Note from A.M. in the Morning! on Sun Herald Editorial

by Ana Maria


With great sadness, I am posting the Sun Herald editorial which addresses the divide and conquer approach to reviewing what is needed to ensure the recovery of the entire Katrina-ravaged region. My sadness comes from seeing a tremendous amount of dissension among all of us who are trying to go beyond merely surviving Katrina's wrath to gloriously flourishing in her aftermath.

Whether pitting the Lower 9th War against the totality of the City of New Orleans, or the smaller towns outside of New Orleans against the city itself, or Louisiana against Mississippi and Alabama, the dichotomy is false, hurtful, painful, and unproductive.

This is not about who "got" more. This is about whether everyone is receiving what they need in an efficient and effective manner to achieve full recovery. Many of us have family and friends throughout the Katrina-ravaged region. Pitting us against each other needs to be turned into joining hands together to make things happen for all of us.

If something needs doing, let's get to doing it, funding it, building it, creating it, developing it. Recovery is about doing right by all of us. Recovery is about justice for all. The language of inclusion will assist us most in having folks think about ALL of us and doing for ALL of us.

That is one of the Sun Herald's points with which I agree most adamantly. I hope that you will, also.

I once heard a story about the difference between those who are successful and those who only dream of it. Plenty of variations of this story exist, I'm sure. This is the one I enjoy sharing.

In one room, a massive banquet was set on a table where the hungry folks sat. The most delicious foods and beverages with the most savory of smells filled the room. The problem, however, was that no recipient had elbows. The hunger made everyone more agitated and the inability to feed oneself made life . . . living hell.
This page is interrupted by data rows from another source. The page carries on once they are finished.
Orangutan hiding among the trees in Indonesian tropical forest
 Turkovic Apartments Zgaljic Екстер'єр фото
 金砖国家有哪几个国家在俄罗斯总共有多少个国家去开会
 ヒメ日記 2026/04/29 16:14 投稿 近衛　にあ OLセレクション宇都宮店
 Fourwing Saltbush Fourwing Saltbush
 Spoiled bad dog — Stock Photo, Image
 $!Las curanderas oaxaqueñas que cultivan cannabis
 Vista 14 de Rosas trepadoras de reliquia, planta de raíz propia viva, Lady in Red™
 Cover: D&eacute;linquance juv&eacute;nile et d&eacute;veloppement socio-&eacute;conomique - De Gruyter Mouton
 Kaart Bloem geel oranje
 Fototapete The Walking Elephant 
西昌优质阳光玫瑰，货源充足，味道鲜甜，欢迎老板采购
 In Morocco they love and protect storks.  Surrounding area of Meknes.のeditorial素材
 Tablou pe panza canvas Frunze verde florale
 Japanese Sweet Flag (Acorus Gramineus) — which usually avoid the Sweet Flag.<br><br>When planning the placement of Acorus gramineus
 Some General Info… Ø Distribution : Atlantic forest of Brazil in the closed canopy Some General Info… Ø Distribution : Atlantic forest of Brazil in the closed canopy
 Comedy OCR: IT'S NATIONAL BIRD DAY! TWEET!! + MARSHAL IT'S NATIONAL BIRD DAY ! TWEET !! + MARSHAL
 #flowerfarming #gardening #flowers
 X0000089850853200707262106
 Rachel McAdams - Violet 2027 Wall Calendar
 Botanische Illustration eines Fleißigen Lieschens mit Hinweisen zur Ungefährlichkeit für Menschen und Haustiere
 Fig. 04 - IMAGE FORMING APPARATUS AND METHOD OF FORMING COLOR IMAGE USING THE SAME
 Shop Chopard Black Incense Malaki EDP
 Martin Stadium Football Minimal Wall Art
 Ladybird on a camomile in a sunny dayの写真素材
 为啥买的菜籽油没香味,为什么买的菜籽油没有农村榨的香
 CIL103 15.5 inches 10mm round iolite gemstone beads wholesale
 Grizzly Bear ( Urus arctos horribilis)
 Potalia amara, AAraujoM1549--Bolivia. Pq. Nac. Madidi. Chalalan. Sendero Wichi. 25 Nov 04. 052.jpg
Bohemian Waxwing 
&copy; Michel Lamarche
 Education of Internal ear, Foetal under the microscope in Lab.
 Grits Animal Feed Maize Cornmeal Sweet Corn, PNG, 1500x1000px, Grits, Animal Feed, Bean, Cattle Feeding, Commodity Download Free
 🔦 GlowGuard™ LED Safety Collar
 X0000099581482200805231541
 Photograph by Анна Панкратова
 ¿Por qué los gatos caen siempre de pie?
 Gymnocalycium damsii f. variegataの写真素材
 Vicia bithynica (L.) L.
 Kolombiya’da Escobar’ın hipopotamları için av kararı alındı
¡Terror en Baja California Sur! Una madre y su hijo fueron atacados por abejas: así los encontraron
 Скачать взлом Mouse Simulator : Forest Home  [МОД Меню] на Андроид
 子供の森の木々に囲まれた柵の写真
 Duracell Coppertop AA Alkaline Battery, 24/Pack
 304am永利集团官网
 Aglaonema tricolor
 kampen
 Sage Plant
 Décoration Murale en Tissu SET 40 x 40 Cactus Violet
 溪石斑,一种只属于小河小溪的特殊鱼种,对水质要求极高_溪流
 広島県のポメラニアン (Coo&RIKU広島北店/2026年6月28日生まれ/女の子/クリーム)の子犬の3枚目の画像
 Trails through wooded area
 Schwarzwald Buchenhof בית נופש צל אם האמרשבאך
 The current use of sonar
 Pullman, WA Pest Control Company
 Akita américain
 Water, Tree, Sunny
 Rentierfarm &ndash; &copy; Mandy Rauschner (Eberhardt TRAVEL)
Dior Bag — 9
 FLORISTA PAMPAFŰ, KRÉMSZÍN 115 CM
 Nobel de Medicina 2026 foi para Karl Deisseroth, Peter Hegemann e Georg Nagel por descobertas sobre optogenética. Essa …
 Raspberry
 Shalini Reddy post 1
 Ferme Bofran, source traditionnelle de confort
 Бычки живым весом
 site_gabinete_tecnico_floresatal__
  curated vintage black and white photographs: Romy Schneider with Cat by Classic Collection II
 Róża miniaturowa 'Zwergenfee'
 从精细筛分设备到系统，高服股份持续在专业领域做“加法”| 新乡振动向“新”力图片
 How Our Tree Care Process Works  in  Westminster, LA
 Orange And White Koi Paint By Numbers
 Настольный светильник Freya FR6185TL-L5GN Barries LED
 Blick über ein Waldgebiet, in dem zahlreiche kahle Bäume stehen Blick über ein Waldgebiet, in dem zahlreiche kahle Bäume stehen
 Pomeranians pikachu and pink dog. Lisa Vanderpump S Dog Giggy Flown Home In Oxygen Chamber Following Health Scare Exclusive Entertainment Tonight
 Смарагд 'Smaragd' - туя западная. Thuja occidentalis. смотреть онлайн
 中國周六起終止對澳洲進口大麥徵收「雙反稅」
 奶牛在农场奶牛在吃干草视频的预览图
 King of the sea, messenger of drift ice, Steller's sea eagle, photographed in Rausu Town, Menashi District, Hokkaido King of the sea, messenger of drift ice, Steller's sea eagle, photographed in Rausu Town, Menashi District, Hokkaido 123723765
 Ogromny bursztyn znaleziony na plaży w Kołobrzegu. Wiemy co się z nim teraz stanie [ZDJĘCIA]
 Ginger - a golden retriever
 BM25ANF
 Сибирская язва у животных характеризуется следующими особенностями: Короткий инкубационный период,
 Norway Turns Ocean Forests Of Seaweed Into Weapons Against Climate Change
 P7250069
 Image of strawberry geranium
In another room, the banquet was set all the same where hungry folks sat. The most delicious foods and beverages with the most savory of smells filled the room. Like the other room, the hungry folks had no elbows. Their own forks and spoons--like their friends in the other room--could not reach their own mouths.

What to do?

They fed each other.

I'm big on eating and celebrating, helping each other, and pulling together our resources so that all of us get what we need, create a united front so that others cannot divide us, and living happily ever after in each moment.

For those who think I'm pollyanna, I say that dividing and conquering is an old tactic to which each of us have a choice regarding whether we participate.

I want New Orleans to have media coverage and plenty of it. Mississippi and Alabama would like the same, thank you. I want the 9th Ward to have plenty of media coverage . . . and I want Slidell and Chalmette as well as the rest of New Orleans to receive it as well. We ALL need money, resources, insurance, jobs, health and vibrant businesses, safe communities, fabulous schools, and wonderful lives.

This isn't about getting our share of the pie with someone else determining the size, shape, and type for our families and communities. It's about ensuring that we have plenty of pie in the first place.

I'm a great pie baker. So, I say, let's be sure that we have plenty of ingredients to make all the pie we need!


(Really, I'm a great cook like many folks down here. Just a quick plug for our fabulous culinary skills throughout the Katrina-ravaged region: Louisiana, Mississippi, and Alabama!)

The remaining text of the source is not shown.